BEGIN The records

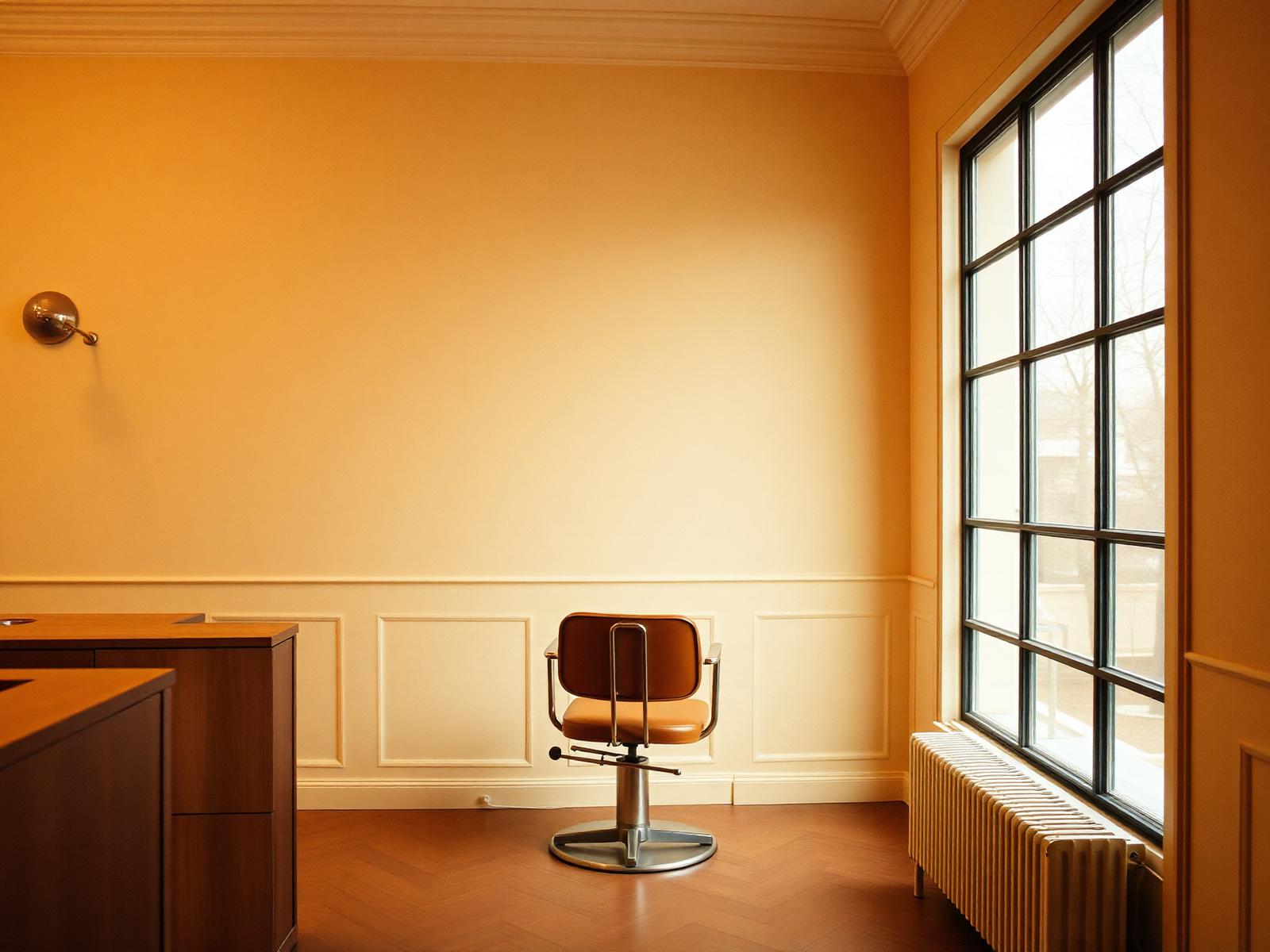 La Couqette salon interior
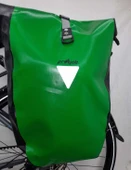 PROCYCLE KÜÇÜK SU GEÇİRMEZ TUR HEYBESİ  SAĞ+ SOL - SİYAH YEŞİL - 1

END The records
BEGIN The records

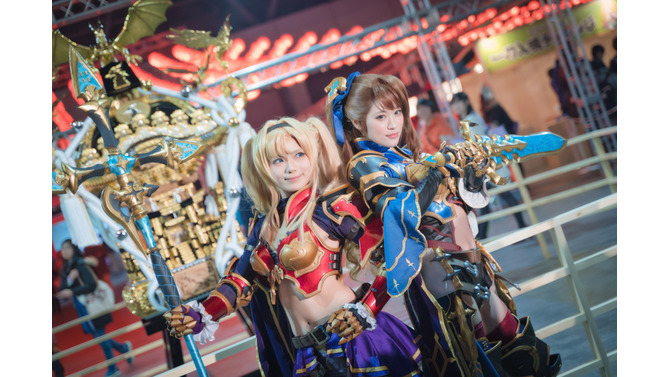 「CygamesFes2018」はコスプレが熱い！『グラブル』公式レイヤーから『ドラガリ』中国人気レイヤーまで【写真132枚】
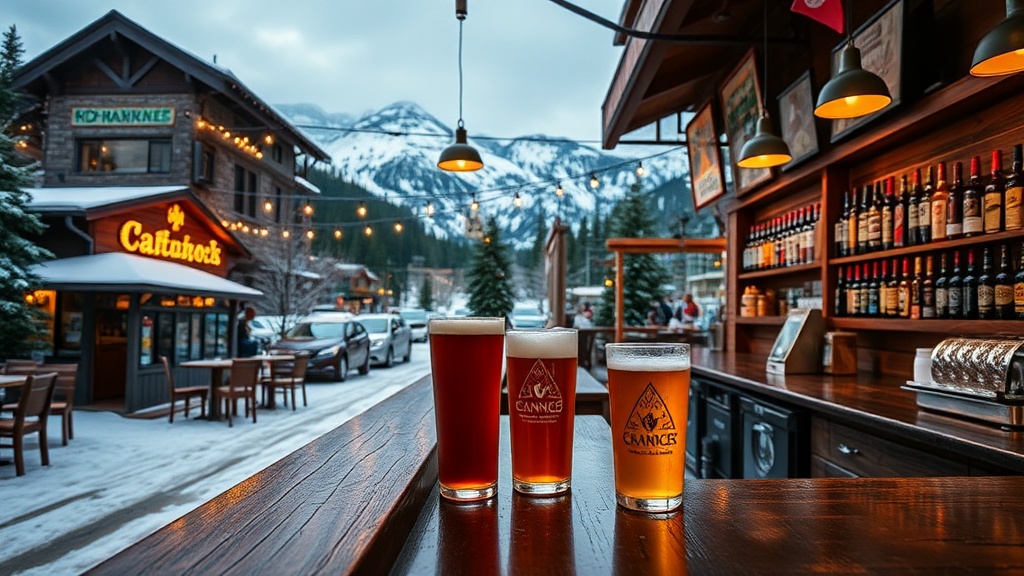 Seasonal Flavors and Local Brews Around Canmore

END The records

» What is being asked
Copy the entries above exactly, but only the stretch from the line containing "La Couqette salon interior" through the line containing "PROCYCLE KÜÇÜK SU". Keep both end lines; drop the pictures.

» Exercise output
 La Couqette salon interior
 PROCYCLE KÜÇÜK SU GEÇİRMEZ TUR HEYBESİ  SAĞ+ SOL - SİYAH YEŞİL - 1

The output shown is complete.